The other program is the ownership of plant operating
spaces. Under this program, the plant operating spaces, they have
owners identified within each space who would provide a point of contact
for any individual who finds deficiencies or any concern with the space,
and the responsible individuals are required to periodically inspect
their assigned spaces for housekeeping, cleanliness, material
conditions, and radiological deficiencies.
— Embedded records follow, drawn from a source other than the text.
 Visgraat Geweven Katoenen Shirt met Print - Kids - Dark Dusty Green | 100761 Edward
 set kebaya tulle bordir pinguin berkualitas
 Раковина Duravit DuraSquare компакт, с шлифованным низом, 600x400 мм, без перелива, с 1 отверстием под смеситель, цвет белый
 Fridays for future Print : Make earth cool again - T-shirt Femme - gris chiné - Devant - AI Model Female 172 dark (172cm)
This program provides for discovery of general corrosion of
the instrument line supports by performing visual inspection in plant
operating areas.
Again, the inspection items related with this aging
management include items related to specific age-related degradation
mechanisms, such as corrosion; item two is effects that may have been
caused by age-related degradation mechanisms, such as loose lines or
loose fasteners, because of fluids, and the conditions of pipes, loose
fasteners, conditions that would allow progression of age-related
degradation mechanisms, such as unbracketed lines and pipes.
Again, they have the corrective action program which takes
care of any deficiencies that they identify.
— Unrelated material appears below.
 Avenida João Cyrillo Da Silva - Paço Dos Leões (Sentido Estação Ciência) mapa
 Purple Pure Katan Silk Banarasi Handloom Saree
That's the general corrosion.
Next, we have this crevice corrosion and pitting. For the
nuclear steam system, we have the ARDI program and then we have the
other programs like specification and surveillance of the system,
component cooling, service water, secondary chemistry program.
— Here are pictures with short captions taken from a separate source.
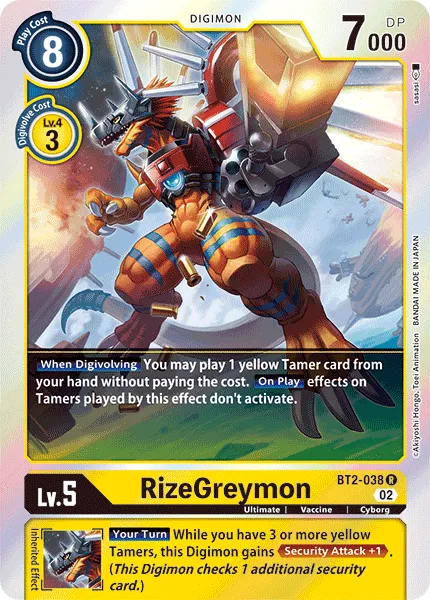 RizeGreymon &mdash; Digimon Card Game card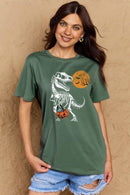 Camiseta de algodón con estampado de esqueleto de dinosaurio de tamaño completo de Simply Love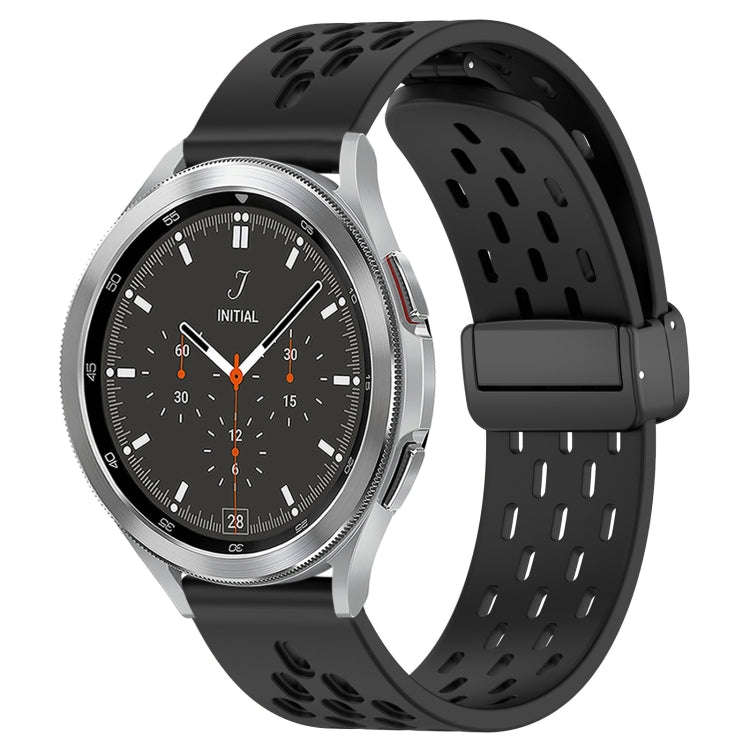 For Samsung  Galaxy Watch 4 Classic 46mm 20mm Folding Magnetic Clasp Silicone Watch Band(Black)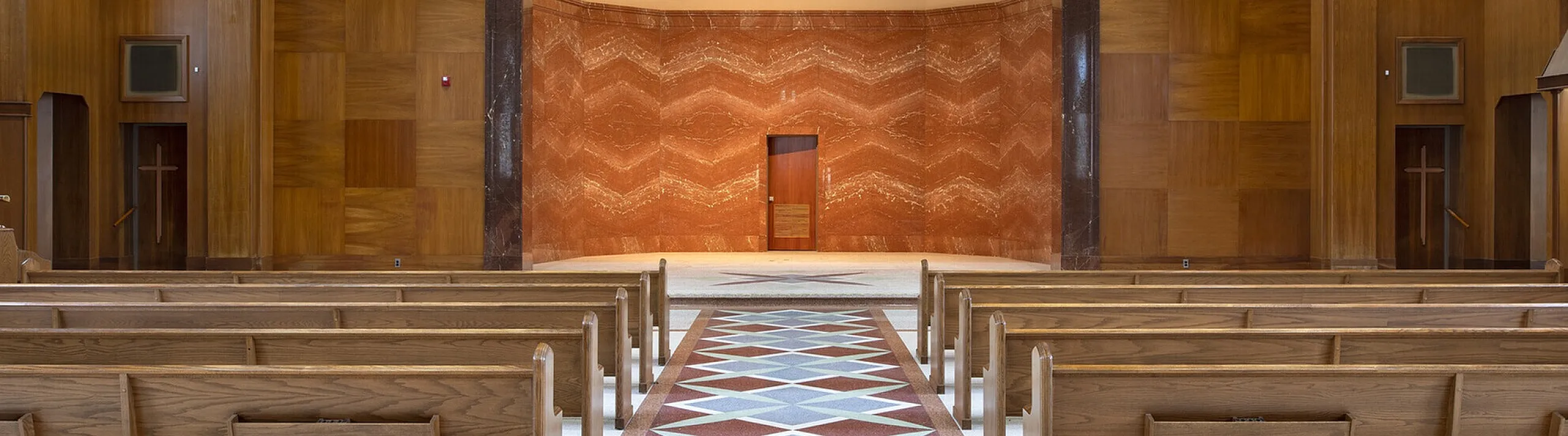https://liveatstmarys.com/ - Wooden Interior Chapel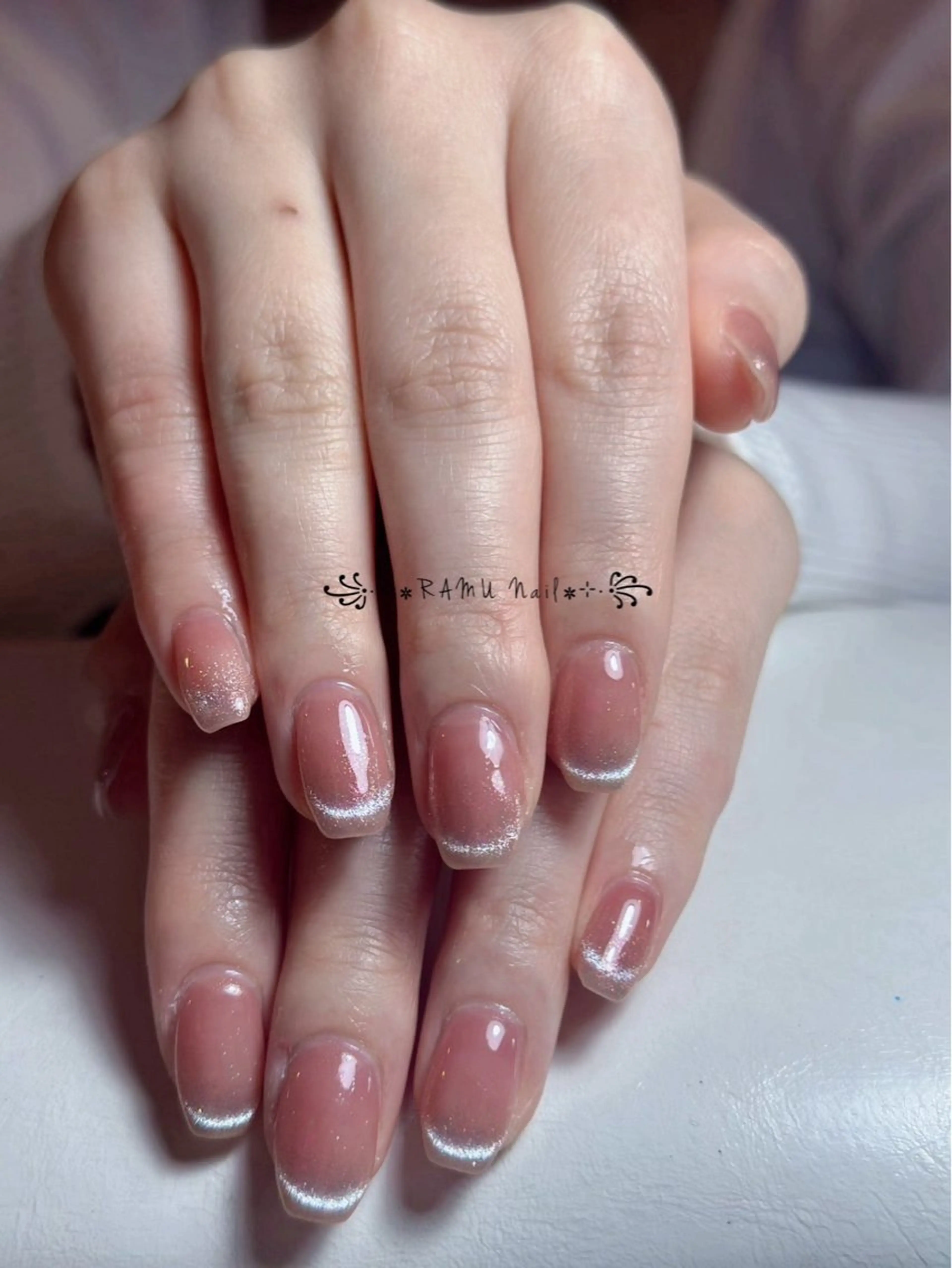 ネイル キラキラネイル マグネットネイル ミラーネイル ピンク 春ネイル ハンドネイル RAMU Nail 恵比寿店のネイルデザイン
These are all the chemistry programs, which the licensee is
taking credit for, as mitigation. Then the third is the local leak rate
test of penetrations. Actual, this local leak rate test of penetrations
is identifying where in the control valves, but the staff didn't
evaluate aging management on the valve internals because the valve
internals perform their intended function with moving parts and changes
in the configuration, which is not subject to aging management review.
DR. SHACK: Would this local leak rate give you a thermal
cycling problem and a fatigue problem?
MR. PATNAIK: Local leak rate --
DR. SHACK: Through the valve. Is this a hot/cold -- hot
fluid going to a cold fluid kind of thing?
MR. PATNAIK: No. I'm talking about Appendix C test -- I
mean, Appendix J, Type C test.
DR. SEALE: Okay. Which is --
MR. PATNAIK: Which is different.
I guess I have one more slide. Lastly, the low cycle
thermal fatigue is one of the possible plausible age-related degradation
mechanisms on the nuclear steam supply sampling system. Anytime you
draw a sample, you go through a thermal cycling, and what the licensee
has used fatigue monitoring program.
We have an open item on this, like many other fatigue items,
items on fatigue, this item involves -- there are 11 locations in the
RCS that are being monitored for fatigue and our staff thought that the
applicant should provide validation to demonstrate that the low cycle
fatigue uses of piping and valves in the RCS hot leg sampling is bounded
by monitoring of those 11 fatigue critical locations. That was the only
open item.
There is one other item, age-related degradation, elastomer degradation.
The internals of check valves in the past, the post-accident sampling
system gas return line tot he containment, and some of the supports in
the instrument line. They contain the elastomer materials that are
susceptible to age-related degradation.
The staff determined that the applicant's ARDI program will
effectively manage this age-related degradation mechanism. So the staff
concluded the applicant has demonstrated that the aging effects
associated with the sampling and monitoring systems are adequately
managed, such that there is reasonable assurance that the systems will
perform their intended functions in accordance with the current
licensing basis.
So this is a nutshell of what we presented of the ACR.
DR. FONTANA: Any additional comments?
[No response.]
DR. FONTANA: Well, thank you very much. The next item is a
fairly long one, so I think we ought to break for lunch now. Since
we're ahead of time, I guess we can show up at 1:00.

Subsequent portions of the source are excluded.